World Bulletin/News Desk
The annual rate of Israeli settler attacks against Palestinians has almost quadrupled in eight years, U.N. figures show, buttressing claims that Israeli security forces have largely failed to stem the so-called "price tag" campaign in which thugs cut down trees, deface mosques and beat Palestinian farmers.
"Price tag" refers to settler attacks on Palestinians in response to army actions against any of dozens of West Bank settlement outposts.
Last week 20 Israelis moved toward Palestinian villages, including Qusra, when troops uprooted olive trees planted on private Palestinian land by settlers from the Esh Kodesh outpost.
Palestinians said the settlers damaged olive trees, and were caught by villagers after a stone-throwing clash and held by them for more than two hours before being handed to the army.
Footage of the settlers surrounded by an angry crowd led the TV news in Israel that day, with commentators saying serious bloodshed was averted by Palestinians who shielded the settlers.

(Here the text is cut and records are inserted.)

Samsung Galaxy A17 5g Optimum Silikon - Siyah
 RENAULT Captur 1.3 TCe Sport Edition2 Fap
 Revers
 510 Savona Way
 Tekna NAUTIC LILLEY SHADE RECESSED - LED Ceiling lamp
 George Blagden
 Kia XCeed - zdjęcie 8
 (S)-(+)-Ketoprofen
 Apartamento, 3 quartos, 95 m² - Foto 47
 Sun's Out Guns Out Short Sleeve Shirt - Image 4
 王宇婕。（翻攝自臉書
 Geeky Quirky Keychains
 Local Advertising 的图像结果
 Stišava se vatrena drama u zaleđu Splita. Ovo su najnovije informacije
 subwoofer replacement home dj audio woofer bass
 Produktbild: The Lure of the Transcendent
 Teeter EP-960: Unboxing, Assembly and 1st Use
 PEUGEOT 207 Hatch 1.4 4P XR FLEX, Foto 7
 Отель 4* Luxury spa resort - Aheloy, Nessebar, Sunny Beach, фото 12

Residents of a village in the area reported that the door of a mosque was set on fire and some of the carpet was burned. Graffiti read, "Blood for blood, Qusra." Settlers have damaged hundreds of trees in Qusra, killed 18 sheep, torched six cars and set fire to a mosque in dozens of attacks. The village has lost half its lands to settlements.
Israeli soldiers either stand by during settler attacks or fire tear gas, rubber bullets and occasionally live rounds at Palestinians if the attacks escalate into stone-throwing clashes. A Qusra man was killed by army fire and dozens were wounded by settlers and soldiers, he said.
Palestinians say "price tag" is part of Israel's policy of cementing control over the West Bank. Israel has been providing practical support for outposts even though they were set up without formal government permission.
Indictments were only filed in 8.5 percent of 825 completed police investigations monitored by the Israeli human rights group Yesh Din. In most cases, investigators failed to locate suspects or collect enough evidence, Yesh Din said.
In Qusra and two neighboring villages, residents filed 21 police complaints between 2011 and 2013, but none led to indictments so far, said Yesh Din. Twelve cases were closed, including a February shooting in which 28-year-old Hilmi Hassan was seriously wounded in a confrontation with settlers.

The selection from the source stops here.